When you retype the entries, keep each one exact and leave out the pictures.

Items listed in a dataset:
******
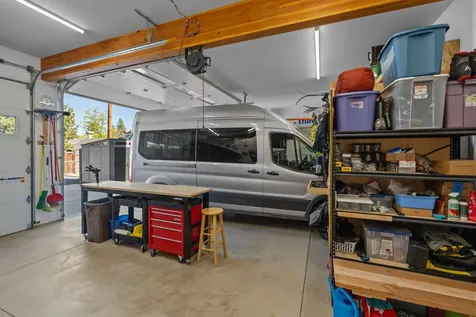 1232 NW Albany Avenue Bend OR 97703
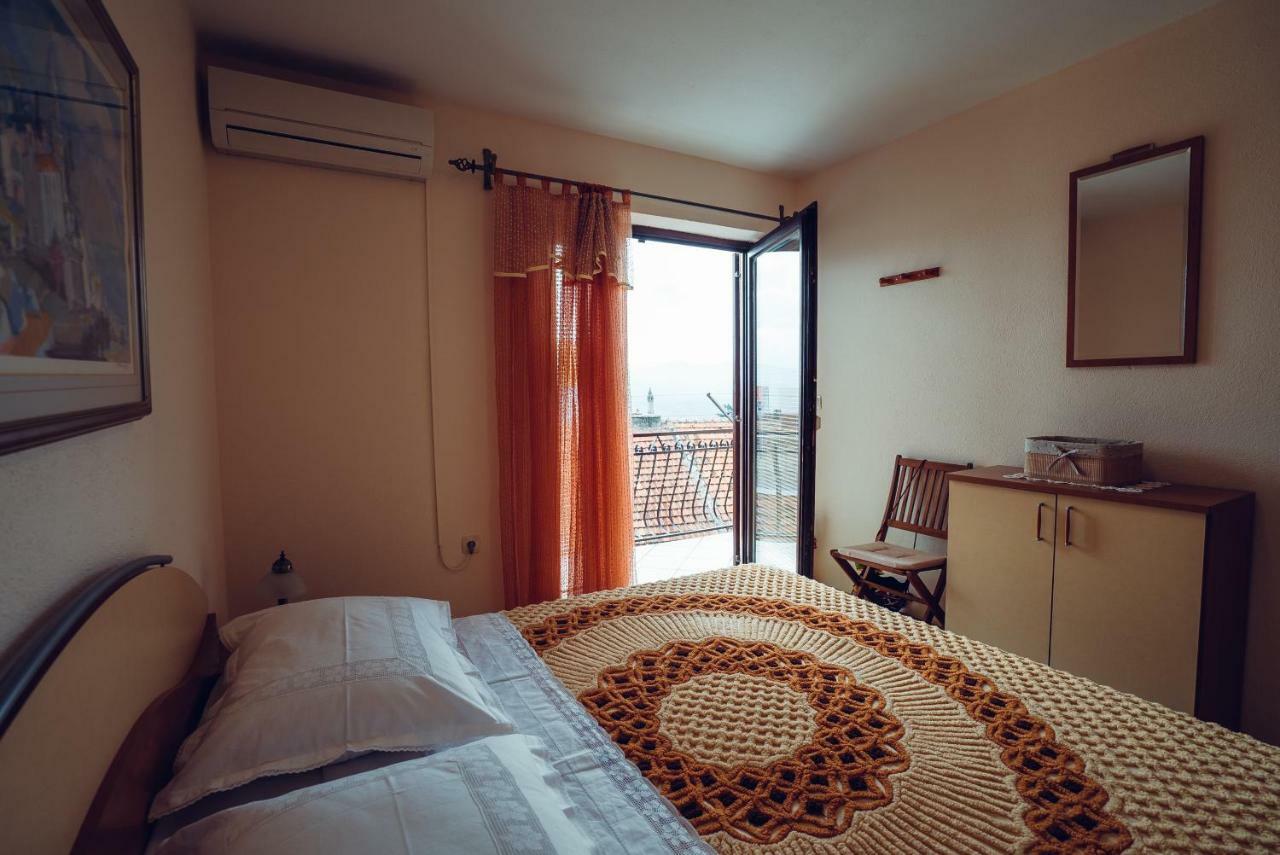 Ivica Apartments Имотски Экстерьер фото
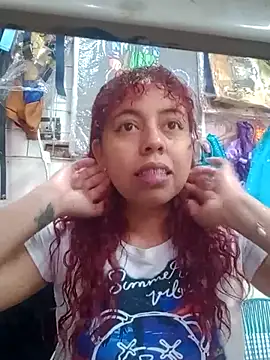 Snapshot of alexandraluv chatting on February 24, 7:19 pm alexandraluv online show from February 24, 7:19 pm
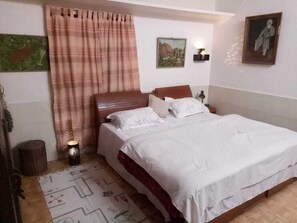 1 chambre, Wi-Fi gratuit, draps fournis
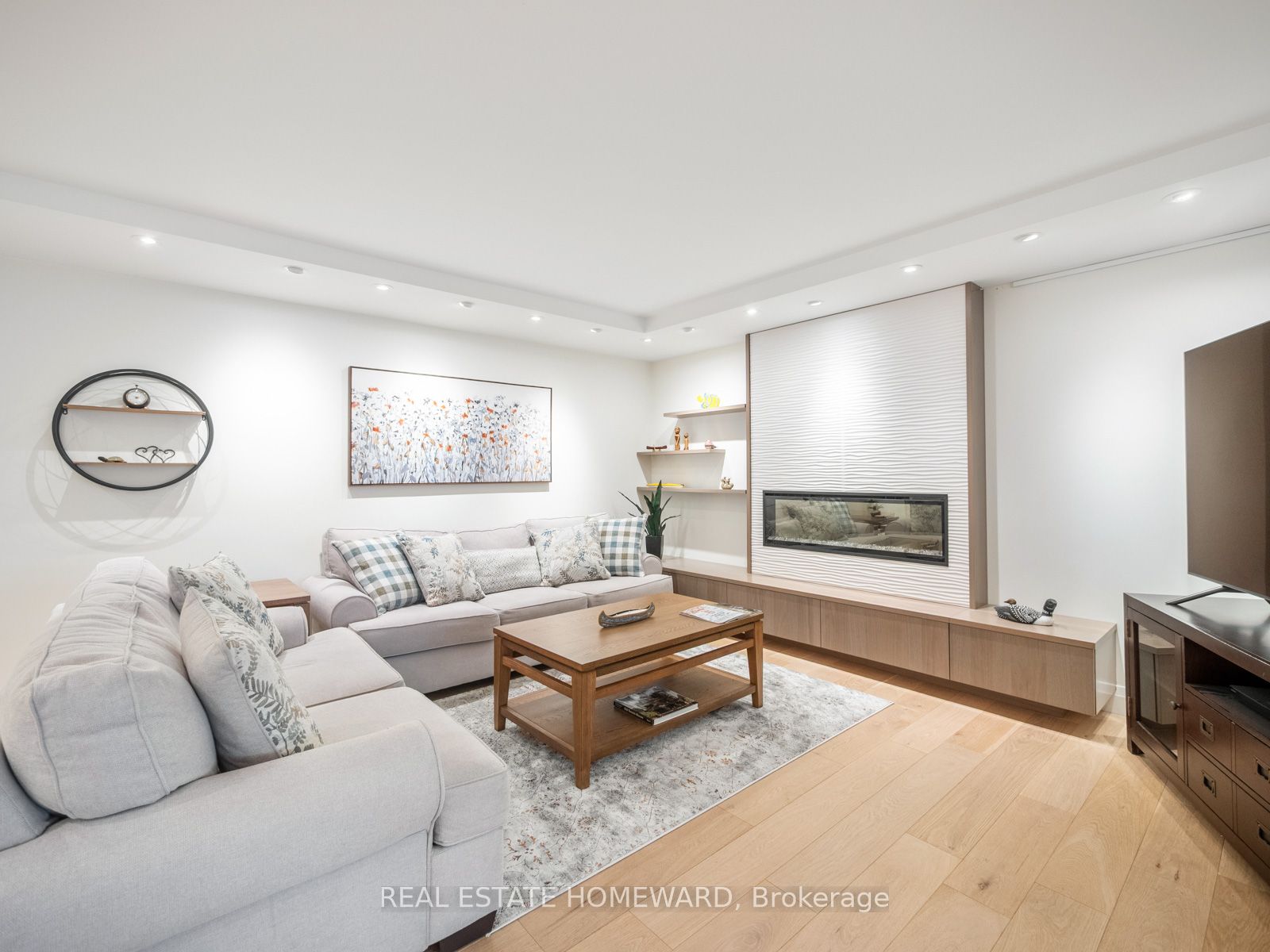 20 Guildwood Parkway 311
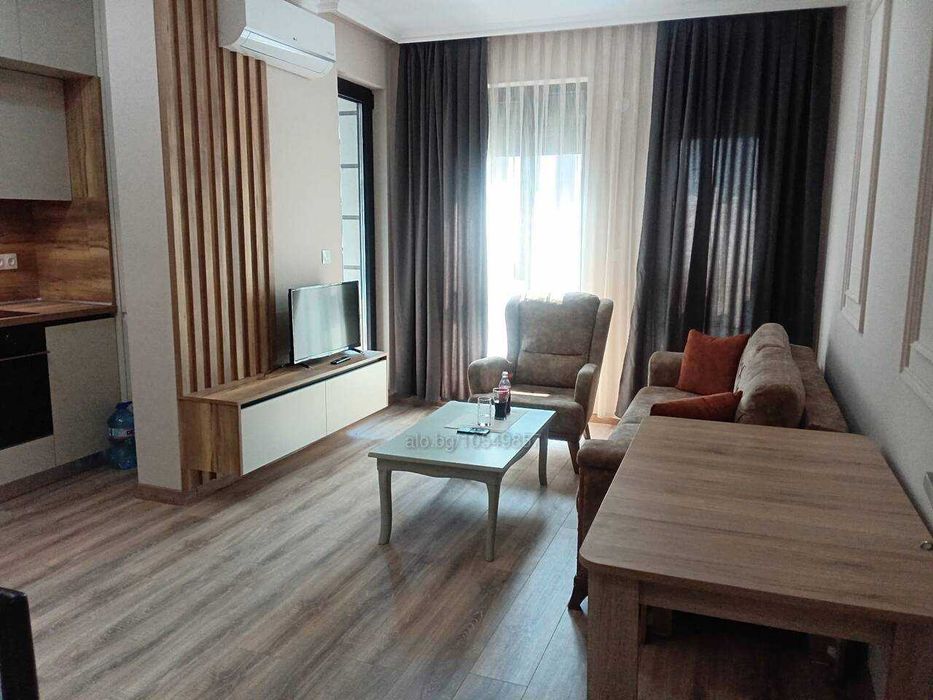 Дава се под наем Двустаен апартамент в Пловдив, Център - 80 кв.м за 612 € - Снимка #2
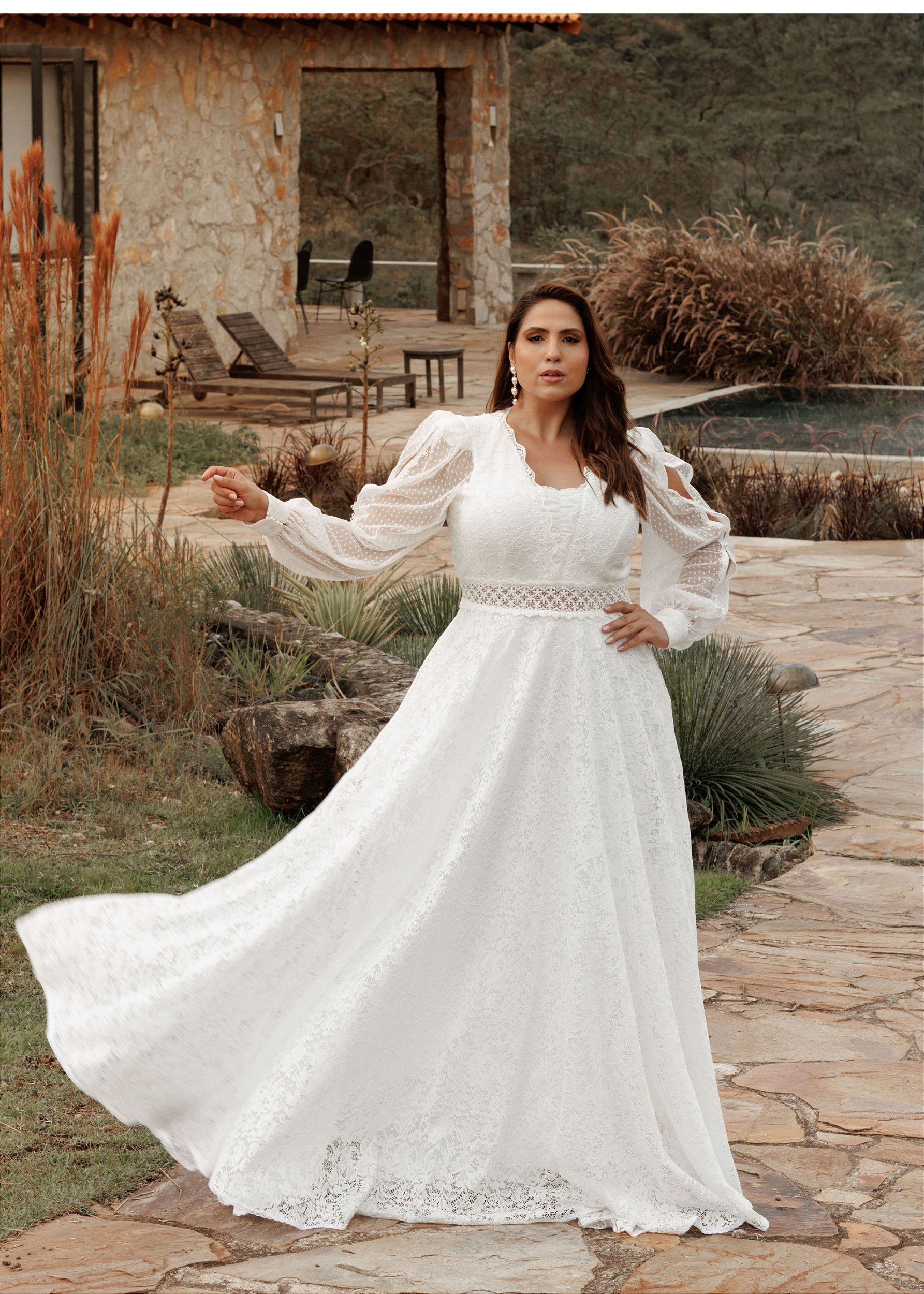 Casamento civil: opções de vestido de noiva godê midi e curto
******
» **ANSWER AREA**:
 1232 NW Albany Avenue Bend OR 97703
 Ivica Apartments Имотски Экстерьер фото
 Snapshot of alexandraluv chatting on February 24, 7:19 pm alexandraluv online show from February 24, 7:19 pm
 1 chambre, Wi-Fi gratuit, draps fournis
 20 Guildwood Parkway 311
 Дава се под наем Двустаен апартамент в Пловдив, Център - 80 кв.м за 612 € - Снимка #2
 Casamento civil: opções de vestido de noiva godê midi e curto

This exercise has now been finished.